Running is one of the best forms of exercise to lose weight, to improve your cholesterol and blood pressure, and to lower your risk of heart disease. You don’t have to be especially young or need to be a top-notch athlete to begin running. The great thing about running is that virtually everyone can do it. If done correctly, running is an inexpensive, safe, and fun form of exercise.
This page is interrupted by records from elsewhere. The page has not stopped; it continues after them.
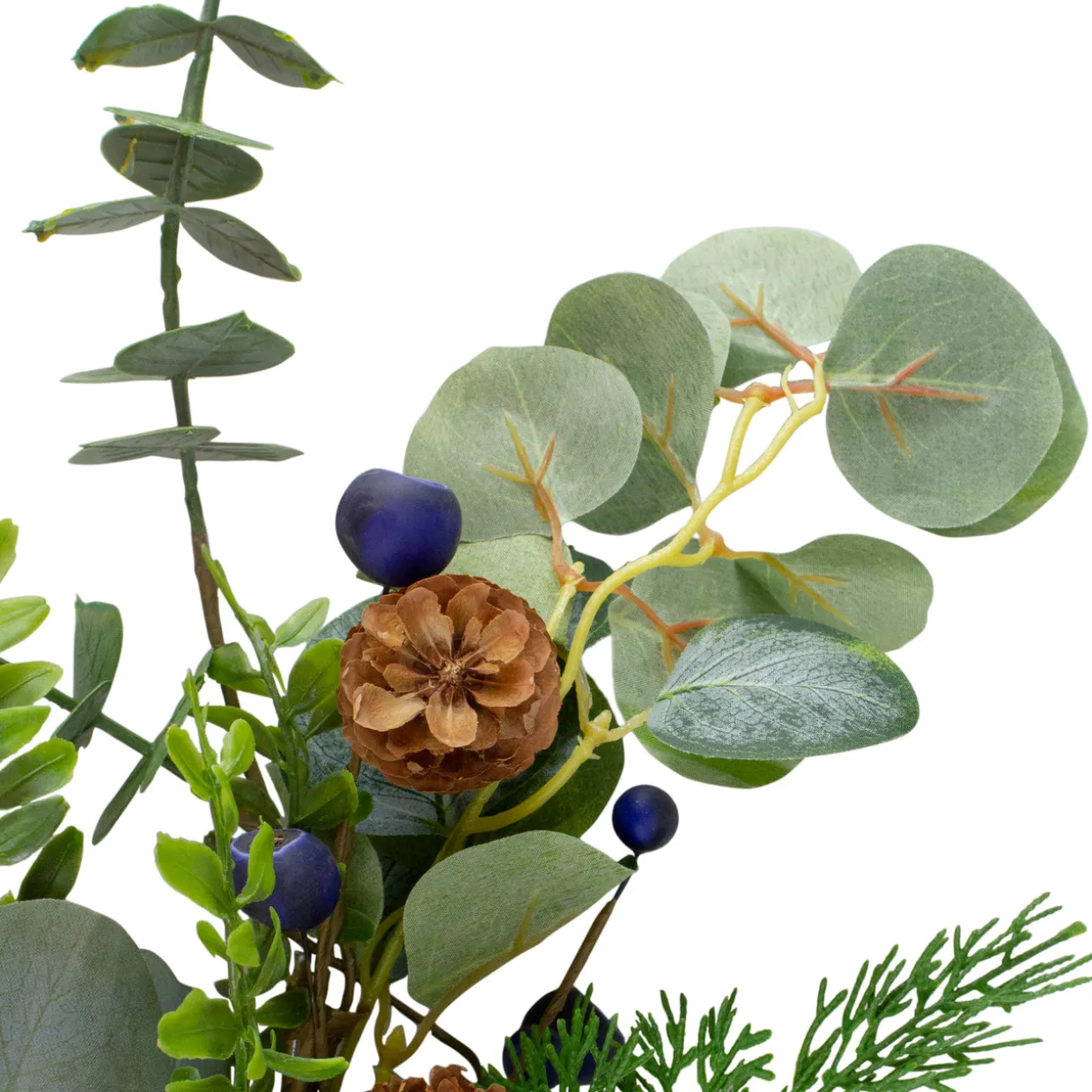 32" Eucalyptus, Pinecones and Blueberries Artificial Pine Christmas Spray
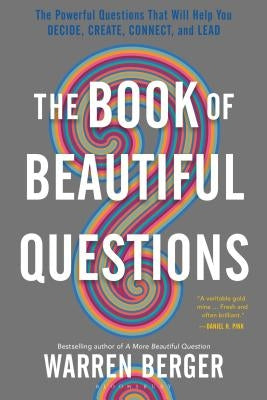 Paperback book titled The Book of Beautiful Questions by Bloomsbury Publishing, featuring a cover with colorful design and inspiring text.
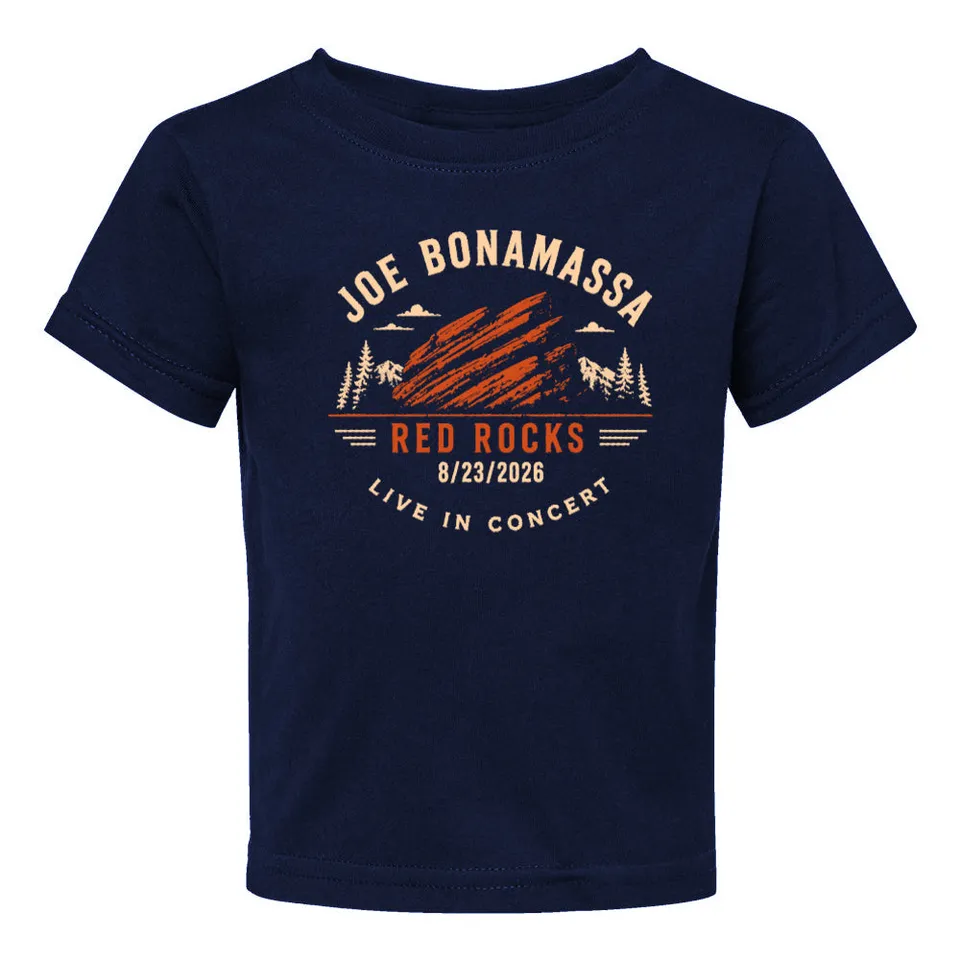 Joe Bonamassa 2026 Red Rocks t-skjorte toddler bomull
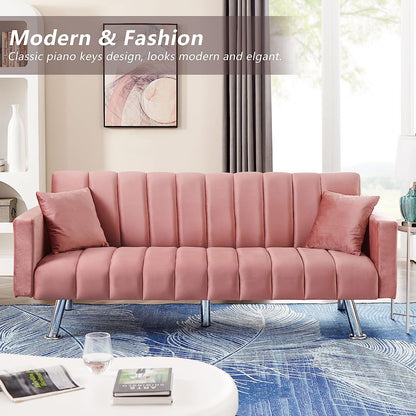 Pink Velvet Sofa Bed with 2 Pillows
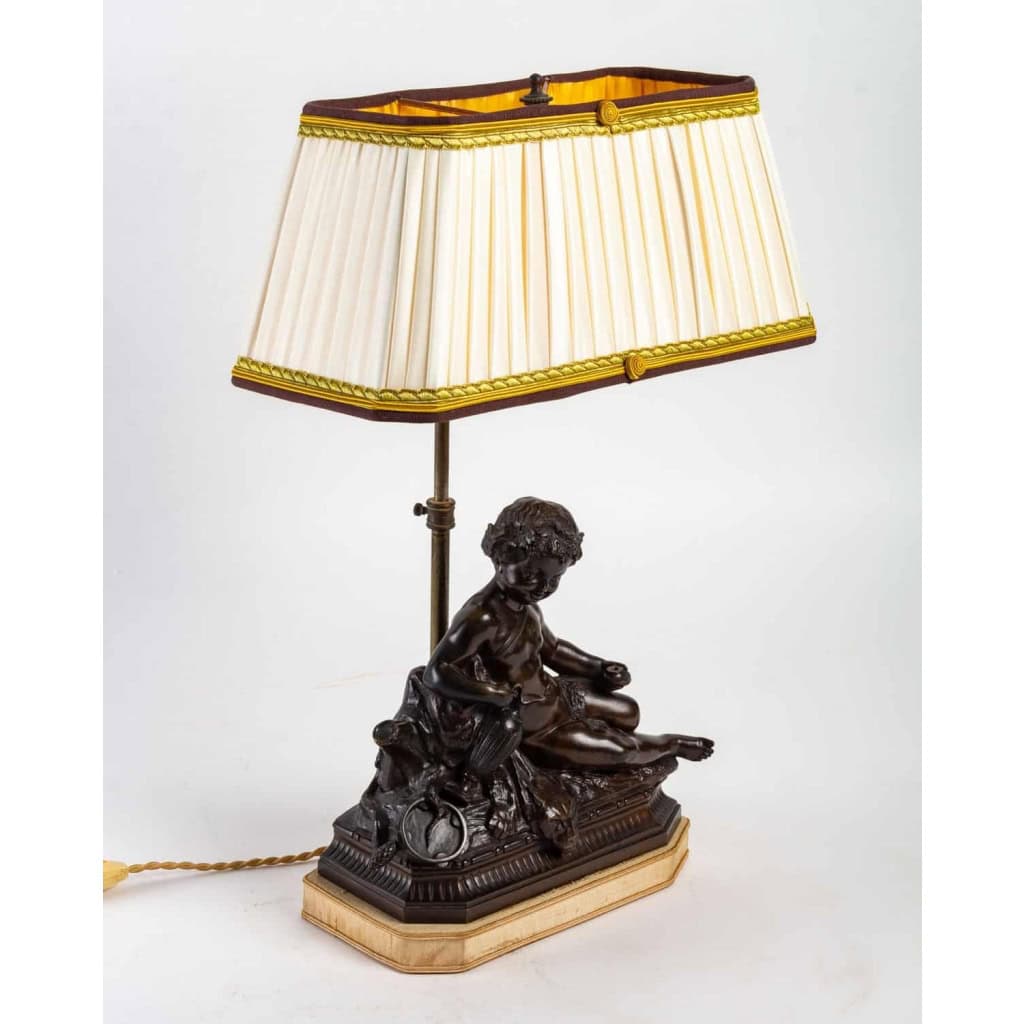 Bronze à patine brune du XIXème siècle, monté en lampe, époque Napoléon III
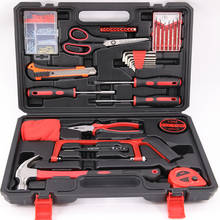 Kit de reparo doméstico em geral com caixa de plástico, ferramentas manuais, alicate de medida, chave de fenda, faca, martelo 2024 - compre barato
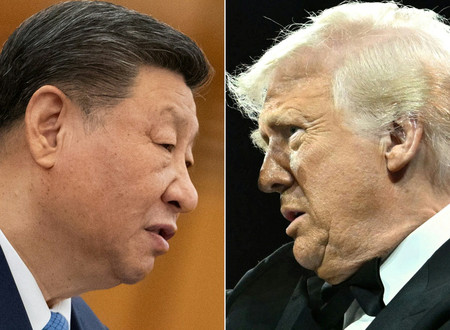 トランプ米大統領（右）と中国の習近平国家主席（左）（ＡＦＰ時事）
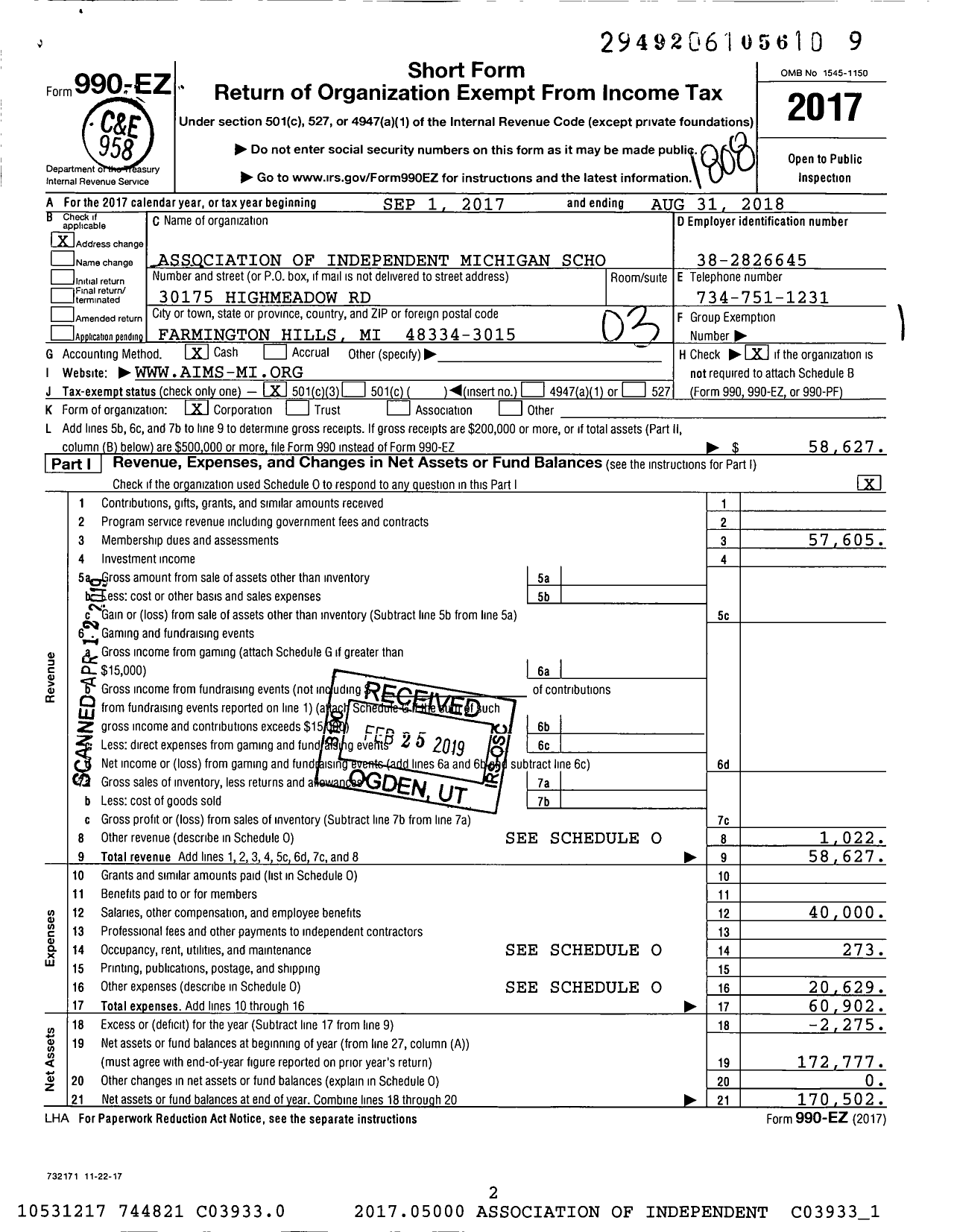 Image of first page of 2017 Form 990EZ for Association of Independent Michigan Schools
As the warm spring weather appears here to stay, NOW is the time to get going!

Here are our Top Six Tips to help you get started:

Please note: If you are over 40, not accustomed to any exercise, or more than 20 pounds overweight, consult with your physician before starting an exercise program. Also important to note: The tips below could just as easily be applied to a WALKING program as well. So if you don’t enjoy running, or have an injury or condition that prevents you from running, don’t be discouraged from getting out there. Walking is also a wonderful form of exercise.

  1. Select a goal. This could be running a mile, losing 10 pounds, finishing a local 5k race, or competing in a half-marathon. This is your program and it should be about what you want to achieve.
  2. Get the gear. Always make sure you begin with the proper footwear. A running shoe is much less expensive than a gym membership or a fitness class and is the only real expense in starting a running program. Make sure you have a shoe that gives you good support and fits you properly.
  3. Be patient! A majority of injuries occur because people try to do too much too soon. Start with walking and then mix in a little running. Never increase your workout by more than 10 -15% per week. Stretch, Stretch, Stretch.
  4. Stretch, Stretch, Stretch! Proper stretching can prevent many injuries associated with running. Stretching the major muscle groups such as the quadriceps, hamstrings, calves, trunk, and arms, should be done before and after every workout.
  5. Listen to your body. You will be sore in the beginning and as you progress the program, but if your body is telling you to take a day off, then take a day off. If taking a couple days off prevents an injury, it is well worth it.
  6. Have Fun!!! If you don’t find ways to enjoy what you’re doing you won’t stick with it consistently. Mix it up, find a friend, join a running club, listen to music, or explore new places. Whatever it is, make it fun!